Son olarak söz alan Bloomberg HT Ekonomi Koordinatörü Gökhan Şen, Merkez Bankası’nın piyasayla iletişiminin güçlendirilmesi gerektiğini şu örnekle açıklayarak sorusunu yöneltti: 

“21-22 Mart’ta bir şey yaşandı ve çok sert bir efektif talep oldu. 5,40’a düşen Dolar/TL çok sert zıpladı. Ardından da siz geçici bir faiz artışına gittiniz. Oysa ki o günkü endişe rezervlere ilişkindi. Acaba iletişim politikasında bir problem olabilir mi? Çünkü rezervlere ilişkin bu açıklamalar o gün olsa belki faiz artışına gerek kalmazdı. O iki günde ne yaşandı?

Genel olarak iletişim stratejinizde bir değişikliğe gitmeyi düşünüyor musunuz? Zaten medyada çok az görünüyorsunuz. Sadece ajans üzerinden bazı yanıtlar görüyoruz. Dolayısıyla halk sizi tam tanıyamıyor ve sorularına cevap bulamıyor.  Merkez bankalarının en önemli para politikası “iletişim” olduğuna göre neden siz bundan bağımsız kalasınız?"

Merkez Bankası Başkanı, attıkları adımları olabildiğince detaylı şekilde paylaşmaya çalıştıklarının altını çizerek paylaştıkları bilgilerin nasıl okunduğunu takip ettiklerini ifade etti. 
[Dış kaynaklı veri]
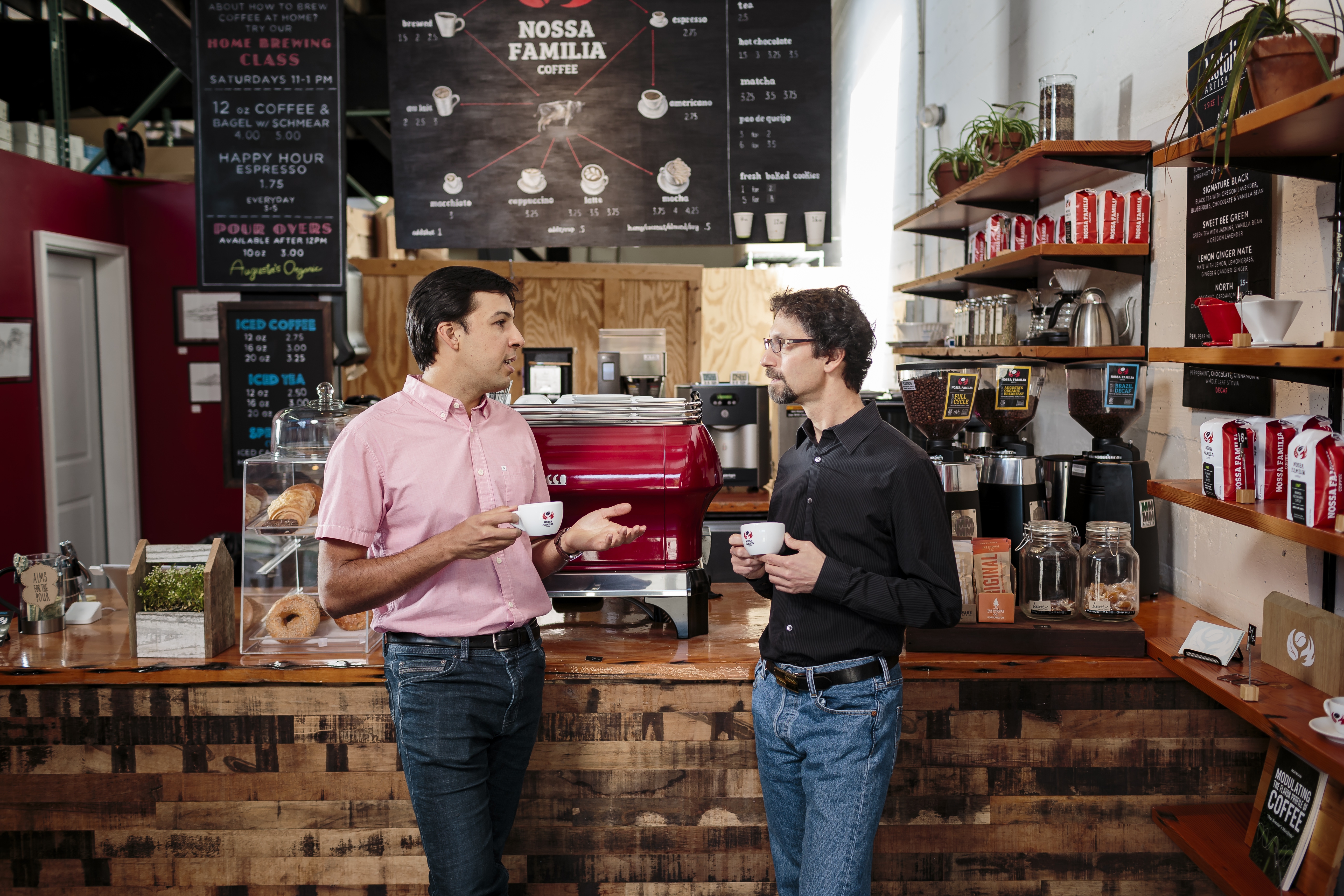 Two people talking at Nossa Familia Coffee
“İhtiyaç olduğunda toplantı formatını bile yeniden gözden geçiririz” diye konuşan Çetinkaya “Enflasyon raporu toplantıları temel iletişim araçlarımızdan birisi. Olabildiğince tüm gelişmelerle ilgili kamuoyunu bilgilendirmeye gayret ediyoruz” dedi ve ekledi: 

“Bahsettiğiniz dönem gibi dönemlerde tetikleyici ne olursa olsun aslında kritik noktanın, oynaklığı oluşturan bazı şartların hazırlandığı ve bu şartların olabildiğince hızlı biçimde kontrol altına alınarak öncelikle istikrarın sağlandığı bir ortamın iletişim için de daha sağlıklı bir ortam sağlayacağını düşünüyoruz. Biz, bir kargaşa ve gürültü ortamında değil öncelikle sakinleşmeyi sağlayarak, akabinde iletişim yapmayı çok daha verimli buluyoruz.”